When the world’s glaciers receded after the last glacial period, they left in their wake the fertile farmland that would someday become known as Wisconsin. Millennia later, settlers from Switzerland and Germany congregated in the area, attracted by its agricultural similarities to their homelands. Most grew wheat at first, but within a few decades, insects, bad weather and uncertain markets marred their grainy dreams. They turned instead to dairy farming. So successful were their efforts that by the early 19th century these settlers had an abundance of milk, which women preserved by making cheese for their own families. Then, in 1841, housewife Anne Pickett purchased milk from her neighbor’s cows, made it into cheese and sold it: one small business for woman, one giant leap for the dairy state.

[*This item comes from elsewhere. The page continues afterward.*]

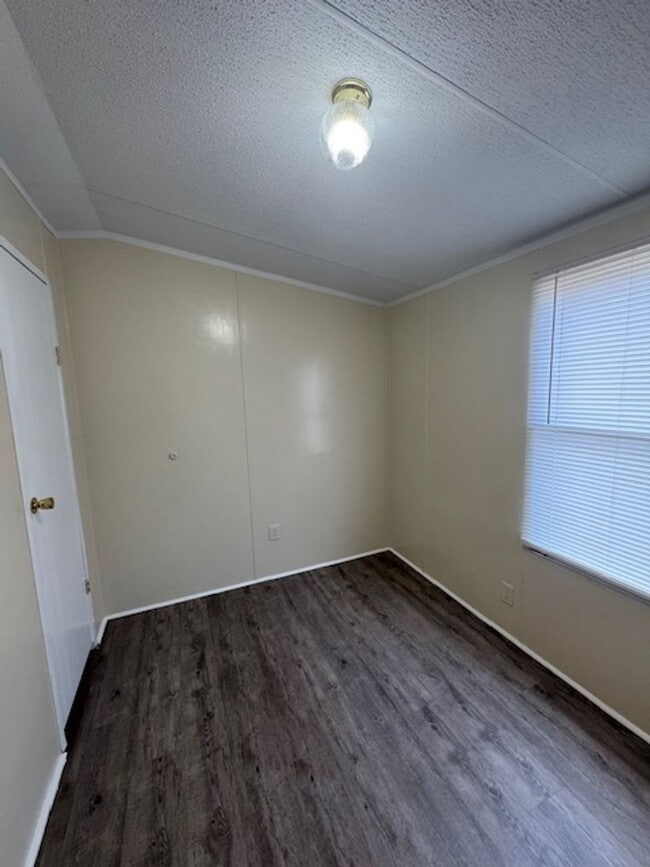 Building Photo - Gordon Road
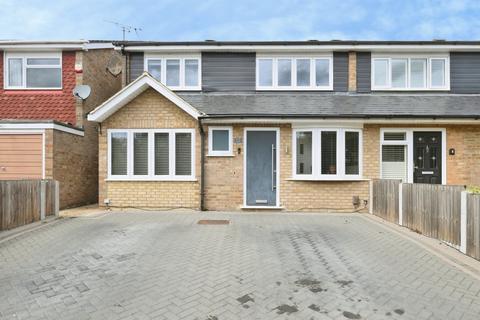 3 bedroom semi-detached house for sale, Lampits, Hoddesdon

In Rebecca Gilman’s play Soups, Stews, and Casseroles: 1976, several of the play’s characters work in a Wisconsin factory, packing and shipping locally-made cheeses. By the 1970s, when the play takes place, Wisconsinites had firmly established their state as the cheese capital of the nation. These factory workers owe their jobs to the many women and men who had built an industry and an identity for Wisconsin.
Until the mid-19th century, cheesemaking had been considered “women’s work,” but when men saw Pickett’s success (and the potential profits of pressed milk curd), they began the shift from homemade to mass-produced cheese. In 1858, entrepreneur John J. Smith built a structure that pressed curds into cheese in much larger quantities than was previously possible in a home kitchen, and in 1864, a man named Chester Hazen opened a factory that used milk from over 300 cows. Skeptics referred to his endeavor as “Hazen’s folly” (a hard-hitting insult by 19th century standards), believing that mixing milk from several herds would negatively affect the final product. Hazen’s cheese, however, quashed all doubts, and before long railcars were speeding it to buyers across the country.
Before long, other upstarts joined the fray, often creating cheeses from their homelands. German immigrants contributed Muenster and Limburger, Italians made mozzarella and provolone, the French specialized in soft cheeses like Camembert and Brie, the Dutch produced Gouda, and the English brought the recipes for what would become one of America’s favorite cheeses: cheddar. The Swiss, it hardly needs pointing out, made a cheese best known for its negative space. One bold dairy explorer, Joseph F. Steinwand, developed a new type of cheese, Colby, and named it after the Wisconsin town where he invented it in his father’s factory. In 1886, cheese made its academic debut when the University of Wisconsin began offering courses in dairy farming and cheesemaking. The university solidified its reputation as a dairy hub when professor Stephen Babcock developed a test to determine the fat content of milk. This inexpensive test involves combining a small amount of milk with sulfuric acid, heating the mixture and putting it through a centrifuge. At the end of this process, only the fat remains, and it can then be measured. Babcock’s test allowed cheesemakers to refine their recipes and standardize their products.
By the early 1920s, the state’s cheese industry had ballooned to over 2,800 factories of various sizes. Wisconsin became the first state to grade its cheese for quality, ensuring its exports wouldn’t disappoint. By the 1940s, some of the smaller factories had shut their doors, but the remaining 1,500 factories produced about 515 million pounds of cheese each year, more than any other state.
Soups, Stews, and Casseroles: 1976 takes place in the fictional town of Reynolds, Wisconsin. The area depicted in the play strongly resembles Green County, which lies in southwest Wisconsin. Even by dairy state standards, Green County holds cheese in high esteem. Each year since 1914, its citizens have celebrated Cheese Days, which features parades, cow-milking competitions, pageants, yodeling and alphorn playing, and copious amounts of free cheese. “The concept of Cheese Days,” notes CheeseDays.com, the official website of the celebration, “originated from the notion that if some little town in Illinois could have a festival commemorating sauerkraut, then a celebration based on cheese would be an even better idea.” In Green County, and in the world of the play, cheese is not only a delectable food and an exportable product that provides a means to earn a living, it is also the basis for cultural traditions, socializing and finding connections to the residents’ European ancestry.
In recent times, Wisconsin’s dairy crown has been nearly overtaken by California as the two states vie to produce the greatest volume of cheese. Wisconsin maintains its lead in total pounds produced (nearly 2.9 billion in 2014 versus California’s 2.4 billion), and also boasts more specialty cheeses and cheeses overseen by master cheesemakers. It remains the only place in the United States where Limburger cheese is made. One hundred seventy-five years after a housewife first monetized her dairy creations, the country’s appetite for cheese remains strong.